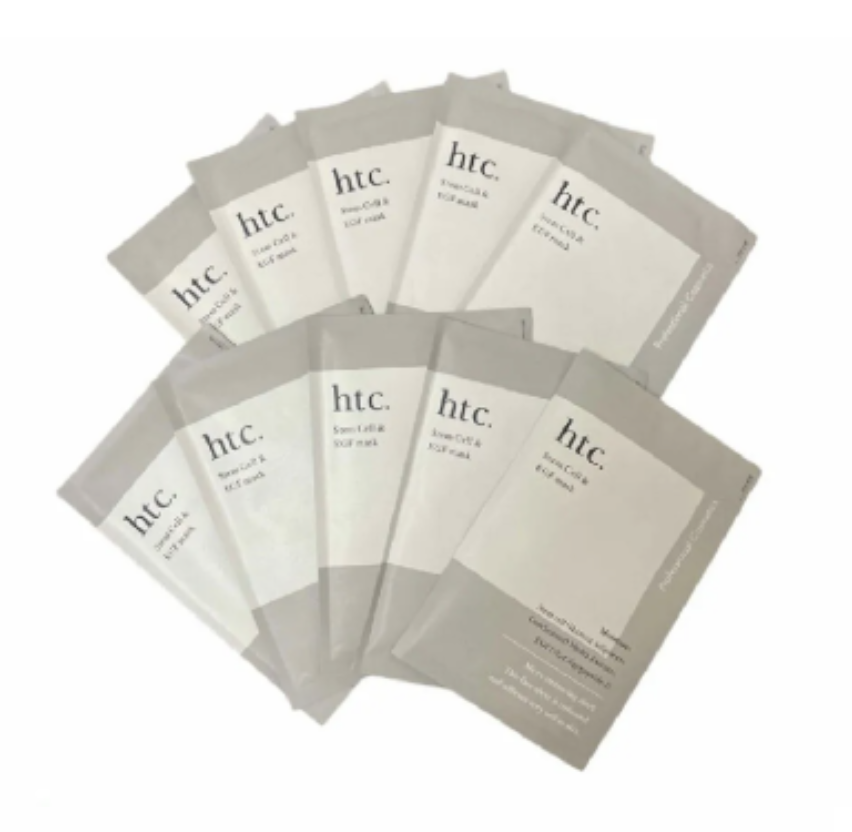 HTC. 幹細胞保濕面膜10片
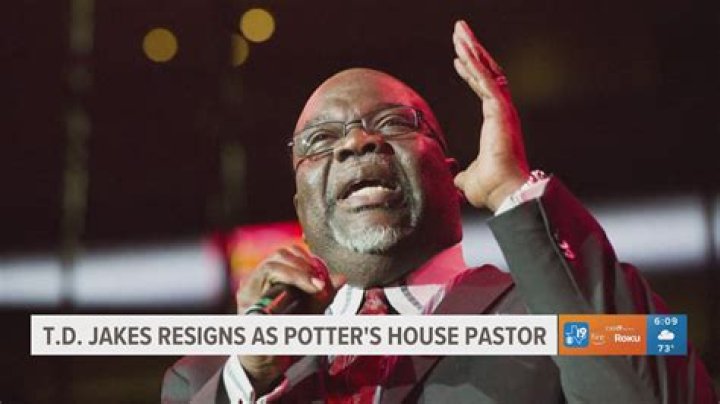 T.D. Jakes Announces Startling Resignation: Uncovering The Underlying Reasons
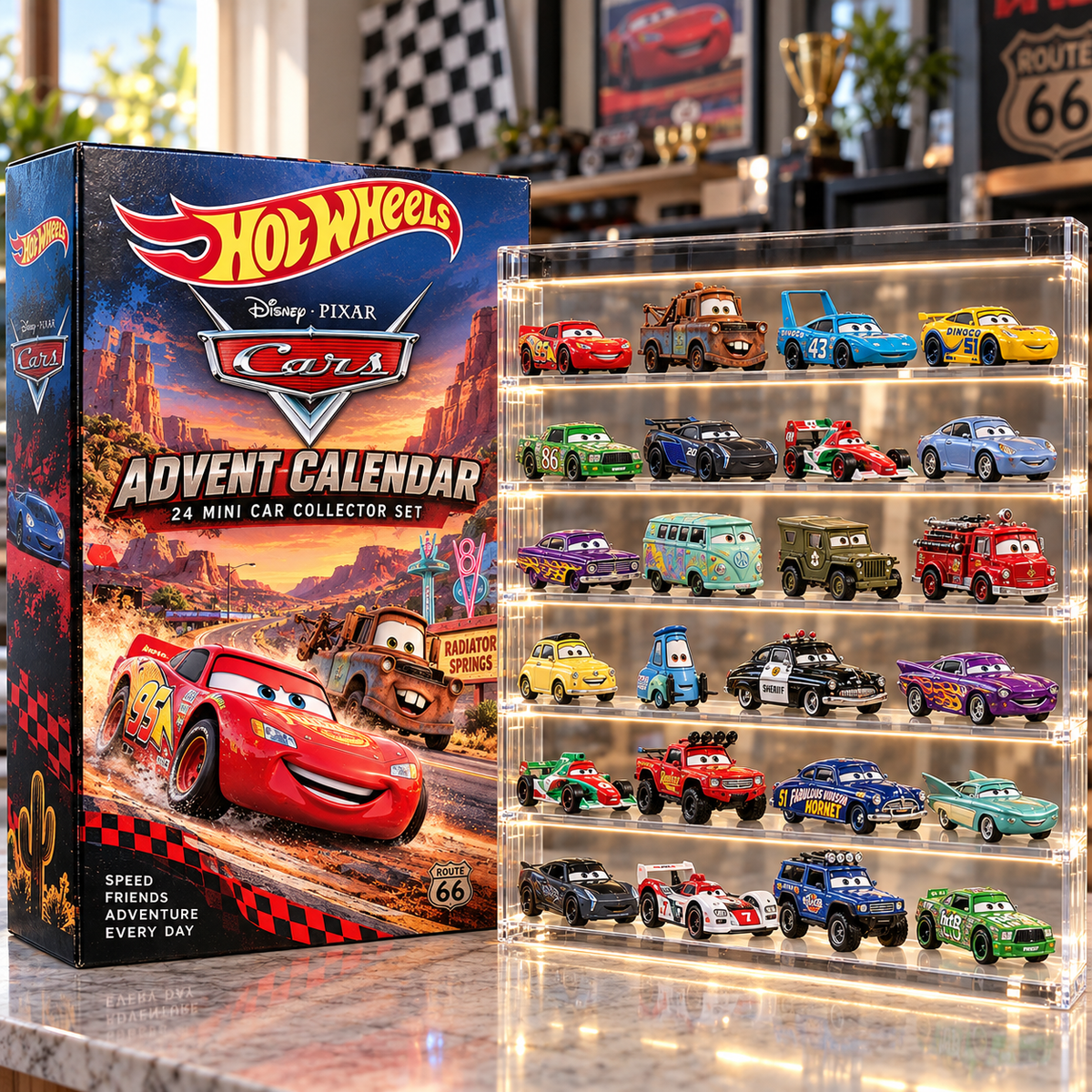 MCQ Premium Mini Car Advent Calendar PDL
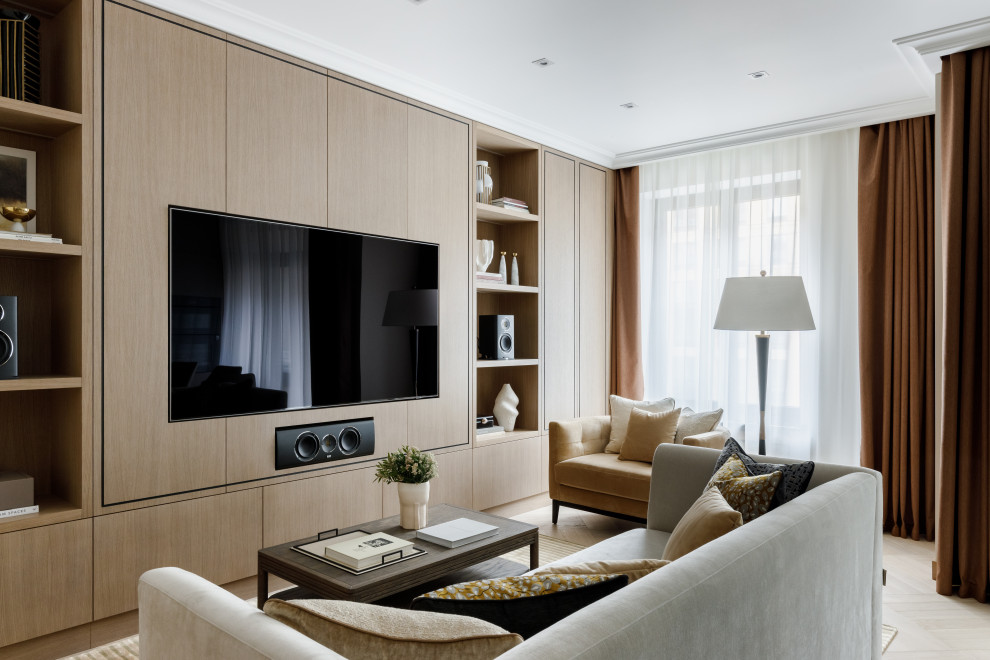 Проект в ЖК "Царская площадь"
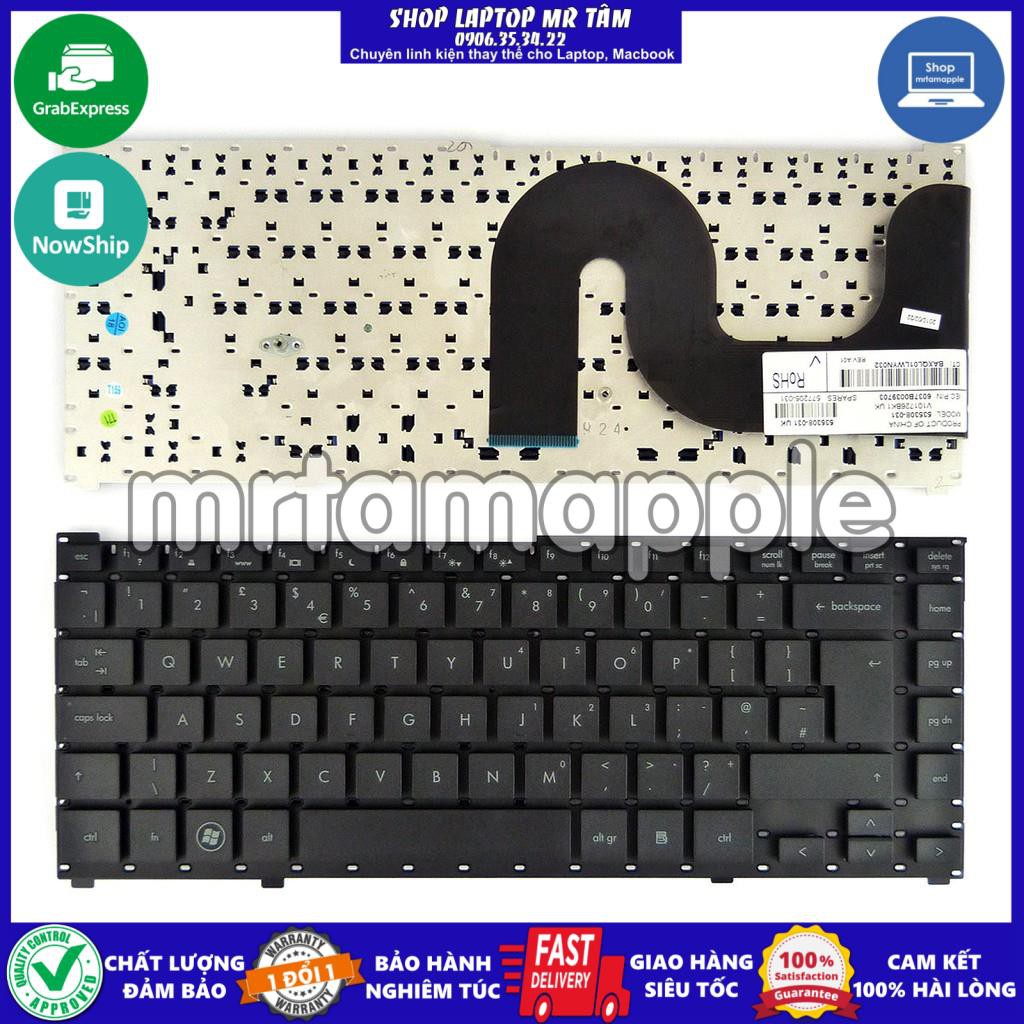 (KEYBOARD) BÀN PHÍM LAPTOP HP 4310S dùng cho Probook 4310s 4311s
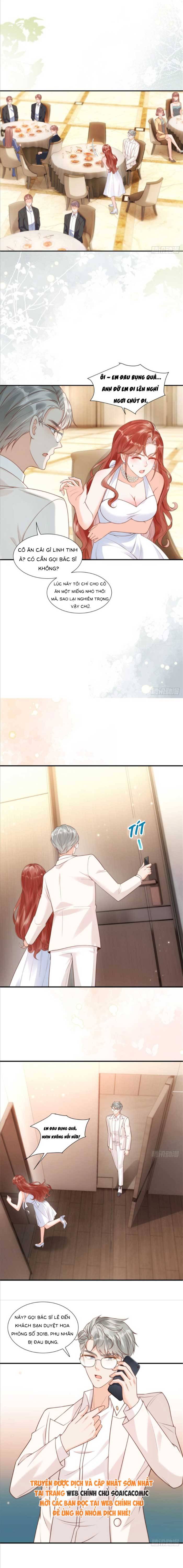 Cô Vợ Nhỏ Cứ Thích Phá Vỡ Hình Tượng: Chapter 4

^^^^^^^^

| What to do |
Transcribe only the lines from the line holding "T.D. Jakes Announces" to the final line of the listing above. Keep them exact, include both ends, and skip the pictures.

| Answer to this task |
 T.D. Jakes Announces Startling Resignation: Uncovering The Underlying Reasons
 MCQ Premium Mini Car Advent Calendar PDL
 Проект в ЖК "Царская площадь"
 (KEYBOARD) BÀN PHÍM LAPTOP HP 4310S dùng cho Probook 4310s 4311s
 Cô Vợ Nhỏ Cứ Thích Phá Vỡ Hình Tượng: Chapter 4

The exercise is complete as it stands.